§ **Data section**
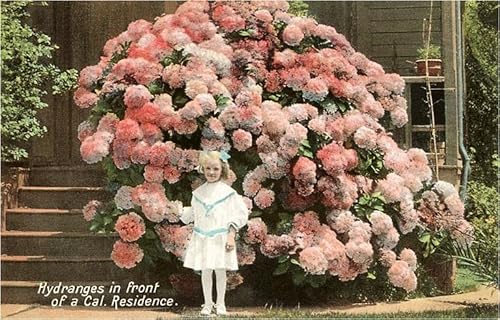 Found Image Press - Hydrangeas
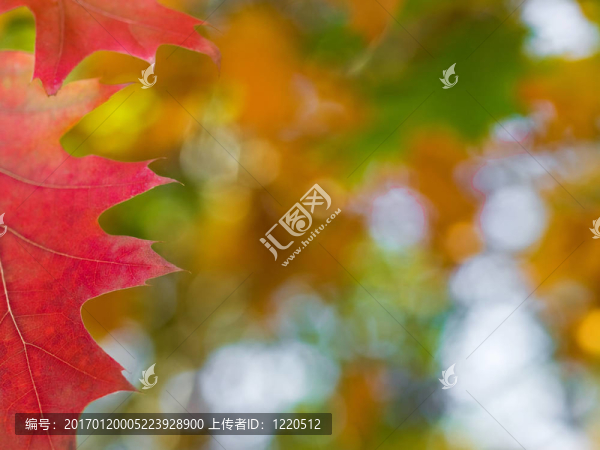 美麗的秋天的紅橡樹葉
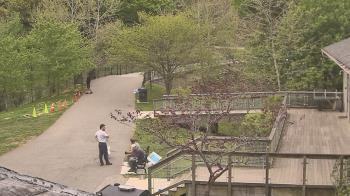 Weather camera view of Lake Roland Nature Council.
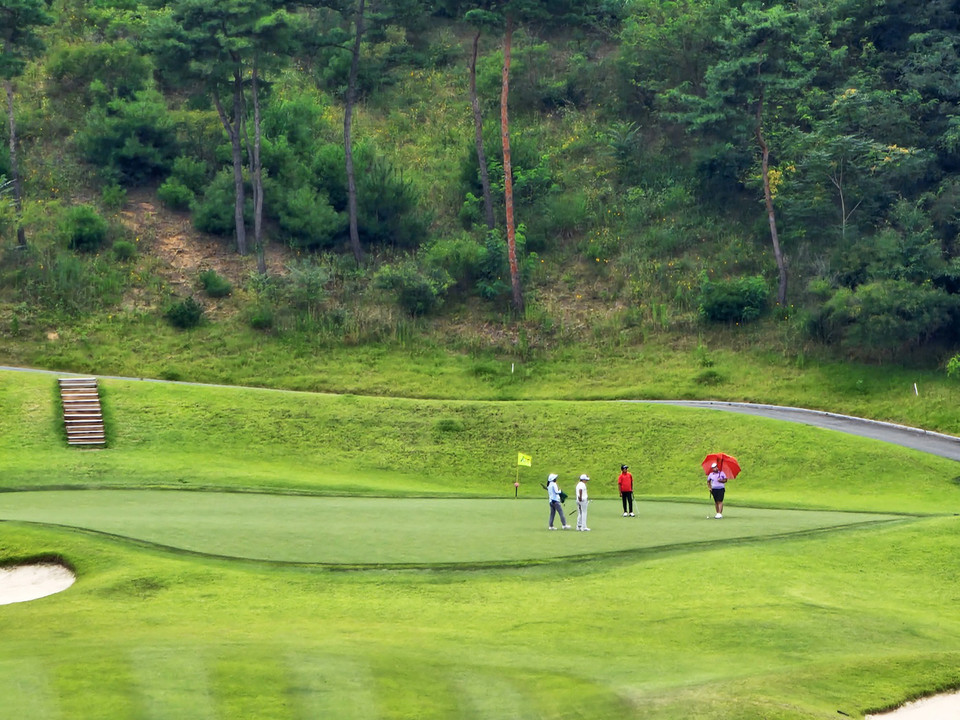 ▲제18회 문화체육관광부장관배 전국초등학생골프대회.(사진 안동시청 제공)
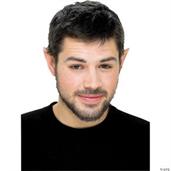 Ear Tips Small Pointed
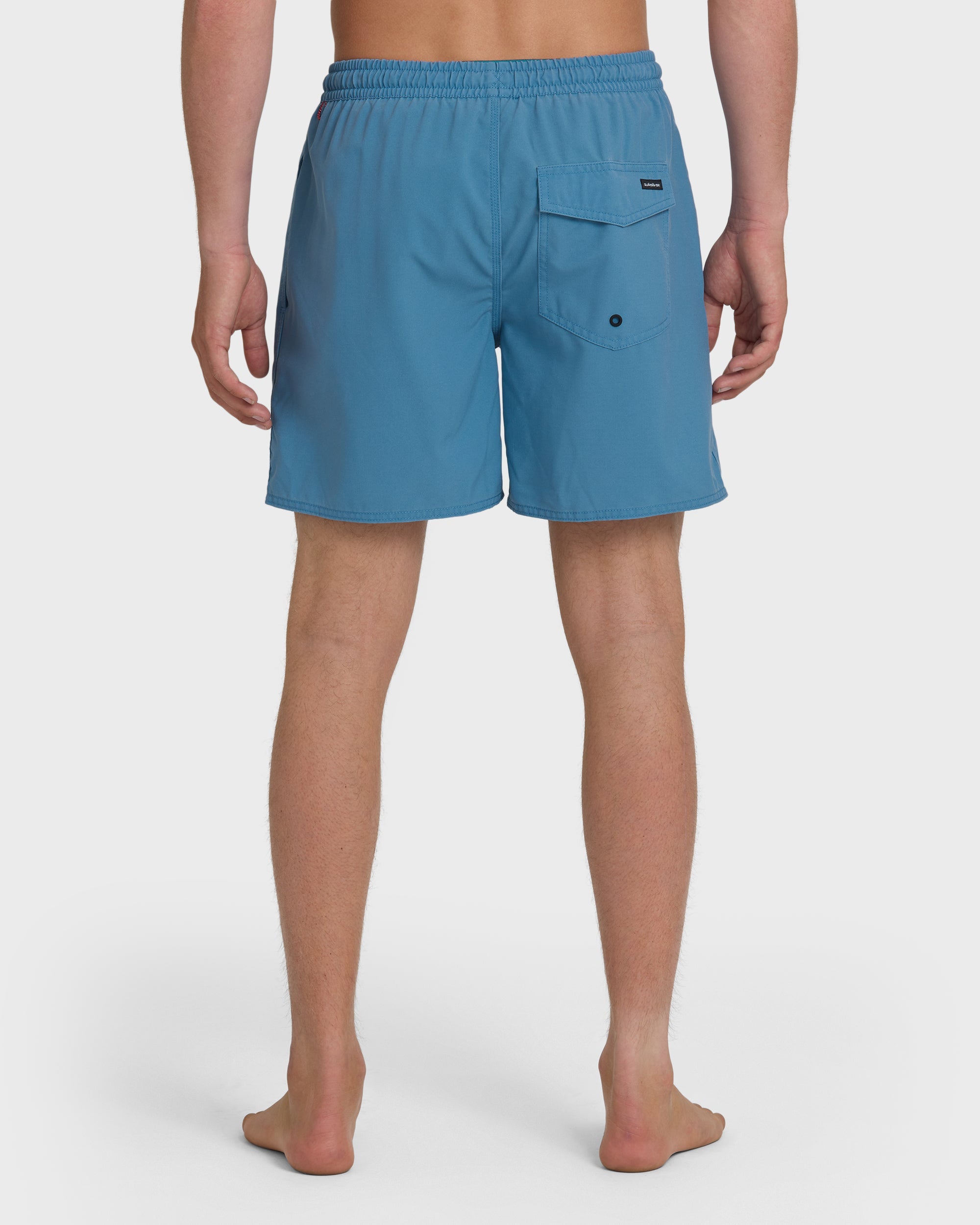 QUIKSILVER SALTWATER VOLLEY 17 RVB-RIVIERA S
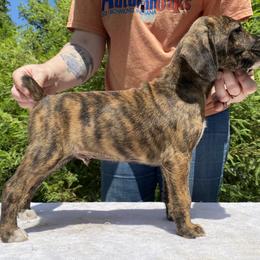 Mountain Cur Puppies from Walnut Ridge Mountain Curs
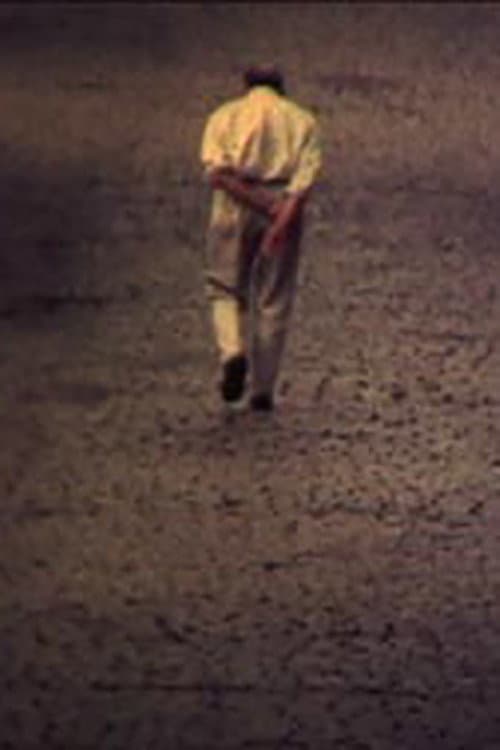 Poster for Accident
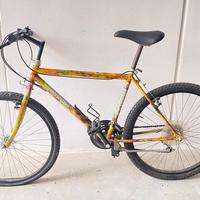 Rampichino con cambio shimano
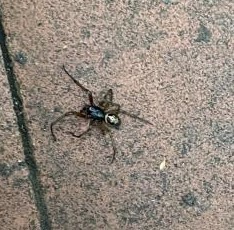 Steatoda nobilis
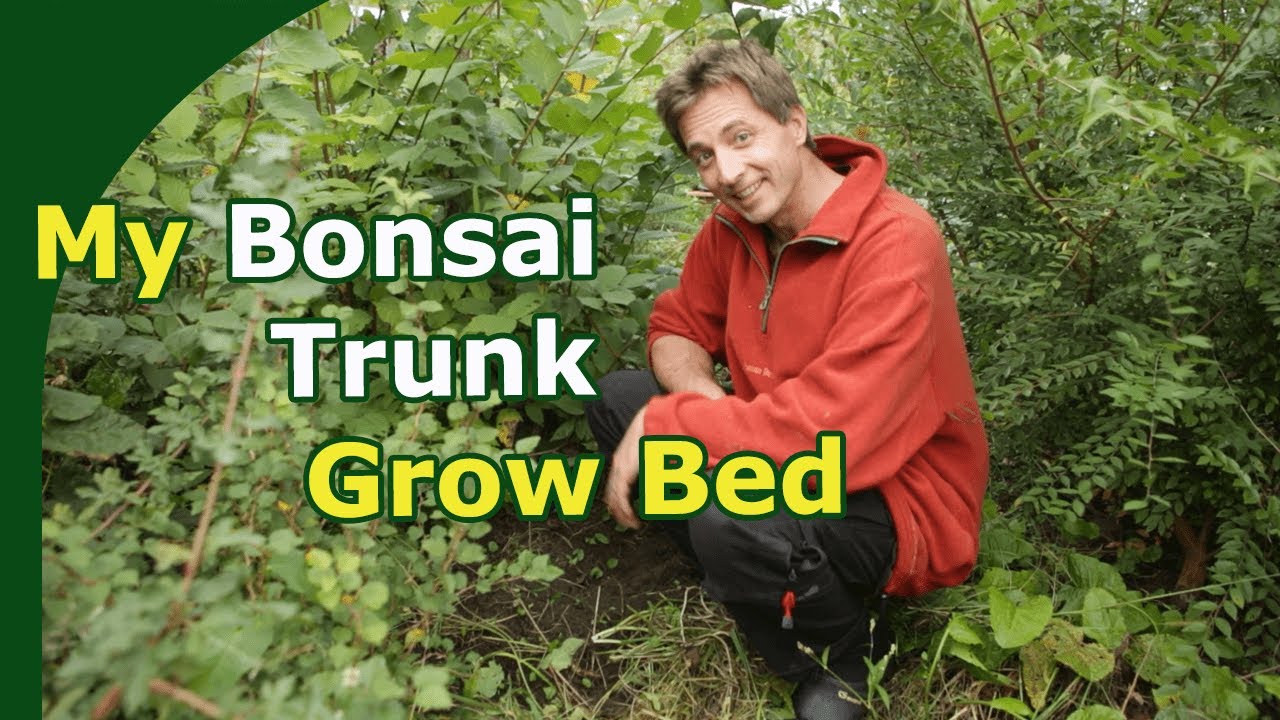 My Bonsai Trunk Grow-Bed (Maintenance, trunk chopping and discussion)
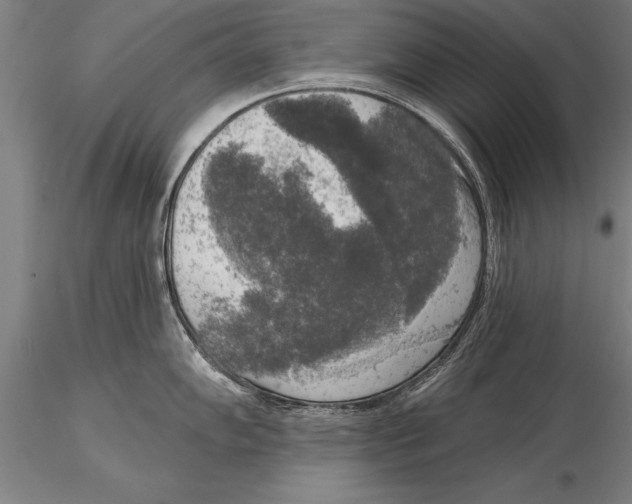 X0000116031102200912111410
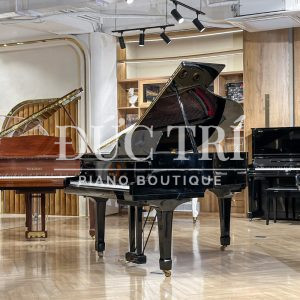 Màu đen trên Yamaha G2E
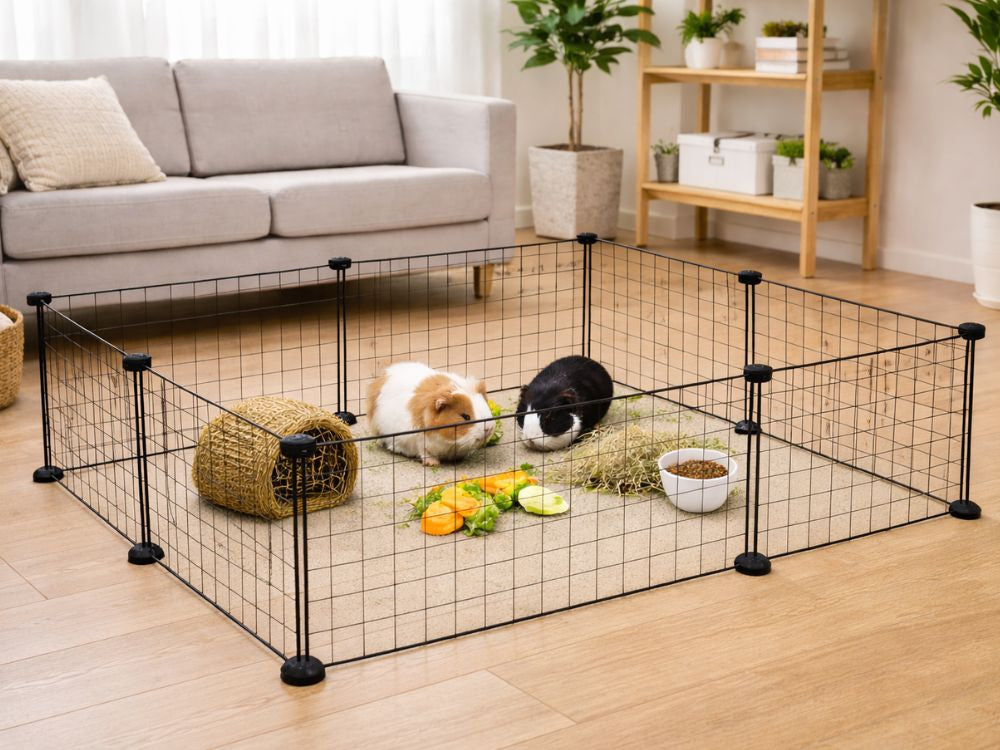 Enclos pour rongeurs – parcour modulaire pour lapins et hamsters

§ **What you are asked to do**
Give back the material above exactly, with each picture removed.

§ **Task output**
 Found Image Press - Hydrangeas
 美麗的秋天的紅橡樹葉
 Weather camera view of Lake Roland Nature Council.
 ▲제18회 문화체육관광부장관배 전국초등학생골프대회.(사진 안동시청 제공)
 Ear Tips Small Pointed
 QUIKSILVER SALTWATER VOLLEY 17 RVB-RIVIERA S
 Mountain Cur Puppies from Walnut Ridge Mountain Curs
 Poster for Accident
 Rampichino con cambio shimano
 Steatoda nobilis
 My Bonsai Trunk Grow-Bed (Maintenance, trunk chopping and discussion)
 X0000116031102200912111410
 Màu đen trên Yamaha G2E
 Enclos pour rongeurs – parcour modulaire pour lapins et hamsters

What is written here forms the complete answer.